Yüzlerce İhbar, Susmayan Telefonlar... Vasi Skandalında 3. Perde: Kimler Kimlerle Nereden Tanışıyor?

Gerçek Gündem Genel Yayın Yönetmeni Seyhan Avşar’ın kaleme aldığı yazı Türkiye gündemine oturdu. İşte vasiler üzerinden dönen milyonluk çarkta üçüncü perde...

A+ Yazı Boyutunu Büyüt A- Yazı Boyutunu Küçült

Biz gazetecilerin telefonu hiç susmaz.

Çoğu zaman yapacağımız haberlere ilişkin bilgi toplarız.

Bazen siyasi bir gelişmenin arka planını konuşuruz.

Zaman zaman ise sadece dert dinleriz.

İnanır mısınız bilmem iki gündür sadece dert dinliyorum.

Evet dertlilerin ortak bir konusu var. İki gündür yazdığım vasiler…

Her arayan milyon dolarların havada nasıl uçuştuğunu, verilen hukuksuz kararları anlattıkça anlatıyor.

Ne yapsın vatandaş çareyi gazetecilerde arıyor.
Sosyal medyadan üzerime ihbarlar yağıyor.
Üzülüyorum, yardımcı olmaya çalışıyorum, “Adalet Bakanı soruşturma başlattı. Resmi makamlara başvurunuzu yapın.” diyorum.
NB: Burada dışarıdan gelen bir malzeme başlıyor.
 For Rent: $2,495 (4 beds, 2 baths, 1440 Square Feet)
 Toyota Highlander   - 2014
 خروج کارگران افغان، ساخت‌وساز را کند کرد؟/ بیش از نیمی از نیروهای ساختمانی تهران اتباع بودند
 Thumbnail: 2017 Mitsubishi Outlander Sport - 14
Elimden gelen tek bir şey var: Haber yapmak, mağduriyeti duyurmak, dönen çarkı sekteye uğratmak.

Tüm bu süreç devam ederken, iki yeni bilgi ile bugün karşınızdayım.

Aslında pek çoğunuz okurken şaşırmayacak ama ben her şeye rağmen duyduğumda çok şaşırdım.

Dün İnan Kıraç dosyasına atanan avukata 128 milyon avans vekalet ücreti verilmesi yönünde karar veren Anadolu 2. Sulh Hukuk Mahkemesi hakimine ulaşmaya çalışıyordum. Ulaşamadım ama o hakime çok yakın bir isim ile konuştum.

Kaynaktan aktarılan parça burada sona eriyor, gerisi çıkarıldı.